### Task details
Once the pictures are set aside, output all the records exactly.

Start of The input

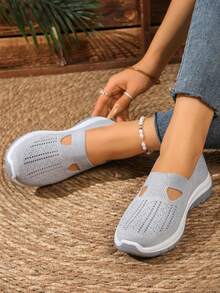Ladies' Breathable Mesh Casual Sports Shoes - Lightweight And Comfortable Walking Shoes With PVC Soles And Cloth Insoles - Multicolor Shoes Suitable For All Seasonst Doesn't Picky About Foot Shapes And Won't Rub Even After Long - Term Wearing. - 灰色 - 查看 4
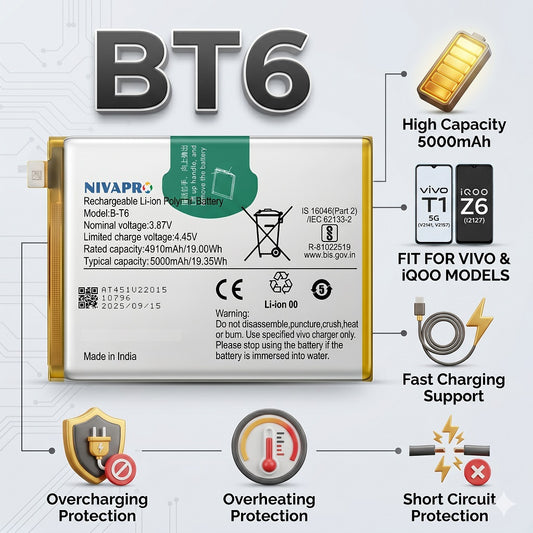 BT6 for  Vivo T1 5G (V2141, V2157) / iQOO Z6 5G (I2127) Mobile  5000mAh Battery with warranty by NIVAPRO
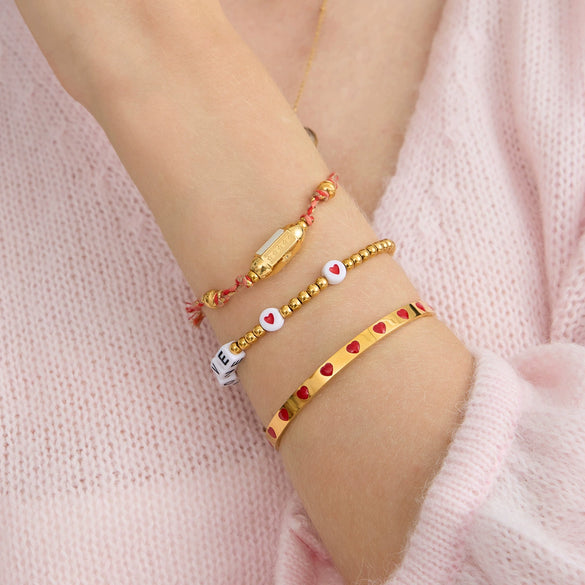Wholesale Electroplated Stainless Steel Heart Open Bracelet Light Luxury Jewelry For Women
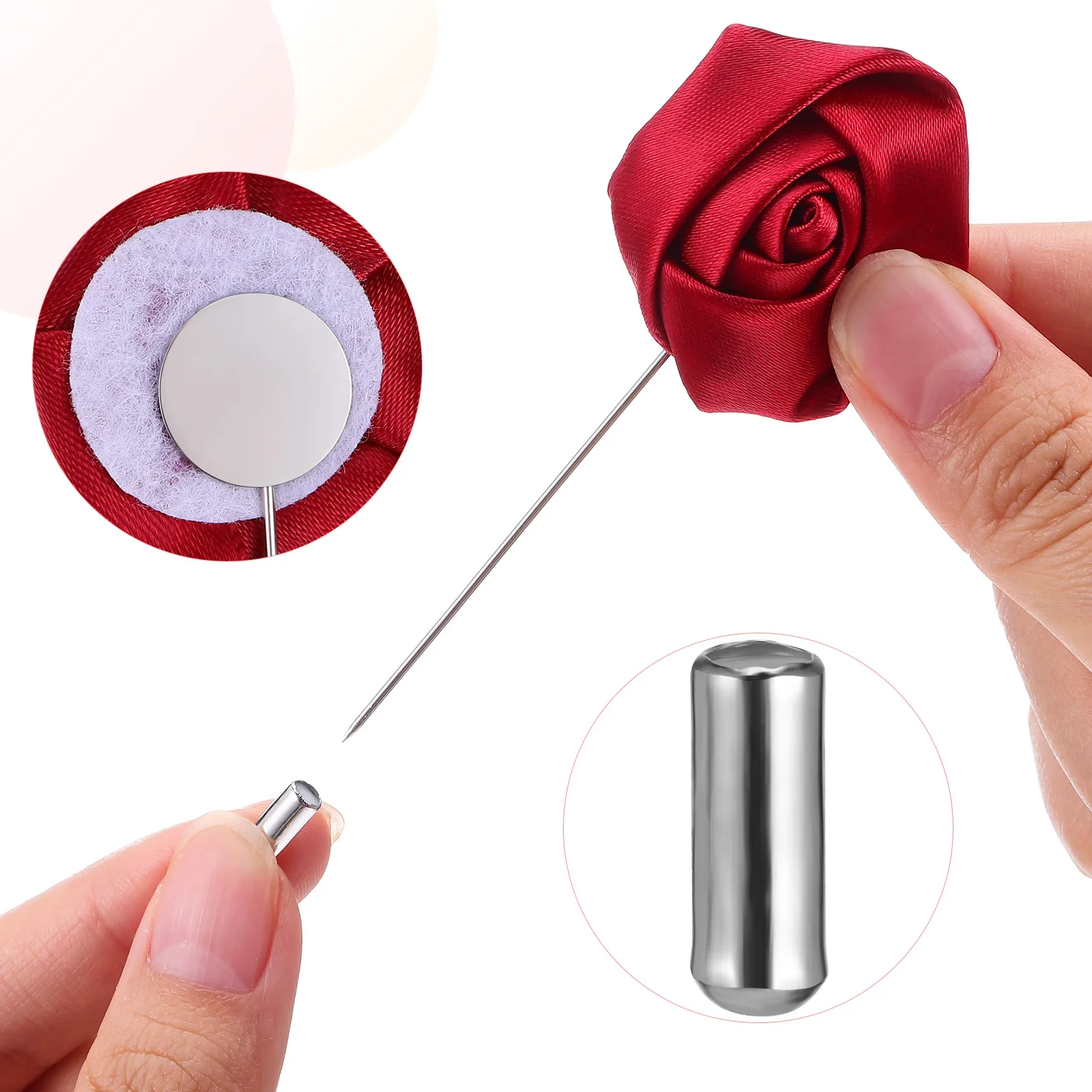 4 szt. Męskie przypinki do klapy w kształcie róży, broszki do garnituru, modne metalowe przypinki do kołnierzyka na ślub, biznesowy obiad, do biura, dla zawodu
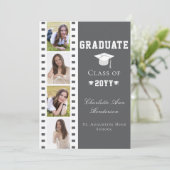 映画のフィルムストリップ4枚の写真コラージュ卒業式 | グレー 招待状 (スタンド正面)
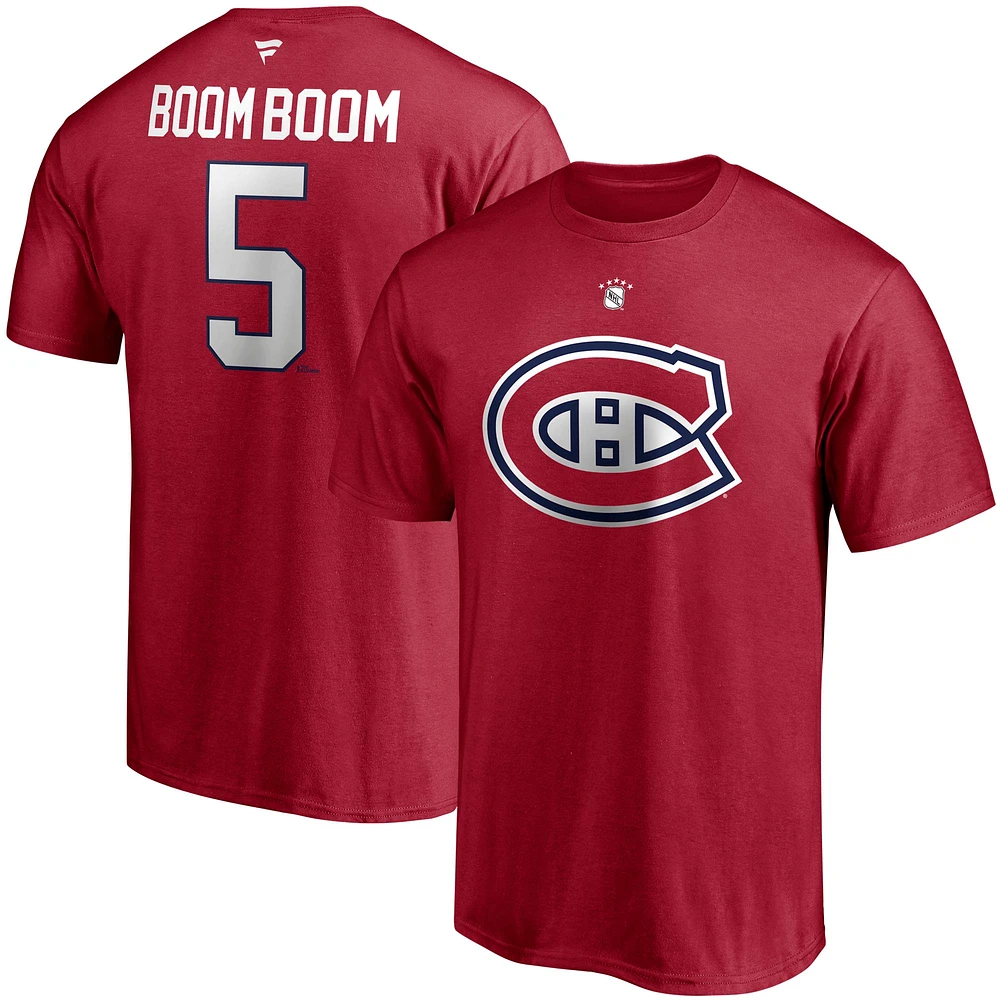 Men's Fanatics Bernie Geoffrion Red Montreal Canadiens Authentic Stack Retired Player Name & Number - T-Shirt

End of The input

### Answer box
Ladies' Breathable Mesh Casual Sports Shoes - Lightweight And Comfortable Walking Shoes With PVC Soles And Cloth Insoles - Multicolor Shoes Suitable For All Seasonst Doesn't Picky About Foot Shapes And Won't Rub Even After Long - Term Wearing. - 灰色 - 查看 4
 BT6 for  Vivo T1 5G (V2141, V2157) / iQOO Z6 5G (I2127) Mobile  5000mAh Battery with warranty by NIVAPRO
Wholesale Electroplated Stainless Steel Heart Open Bracelet Light Luxury Jewelry For Women
 4 szt. Męskie przypinki do klapy w kształcie róży, broszki do garnituru, modne metalowe przypinki do kołnierzyka na ślub, biznesowy obiad, do biura, dla zawodu
 映画のフィルムストリップ4枚の写真コラージュ卒業式 | グレー 招待状 (スタンド正面)
 Men's Fanatics Bernie Geoffrion Red Montreal Canadiens Authentic Stack Retired Player Name & Number - T-Shirt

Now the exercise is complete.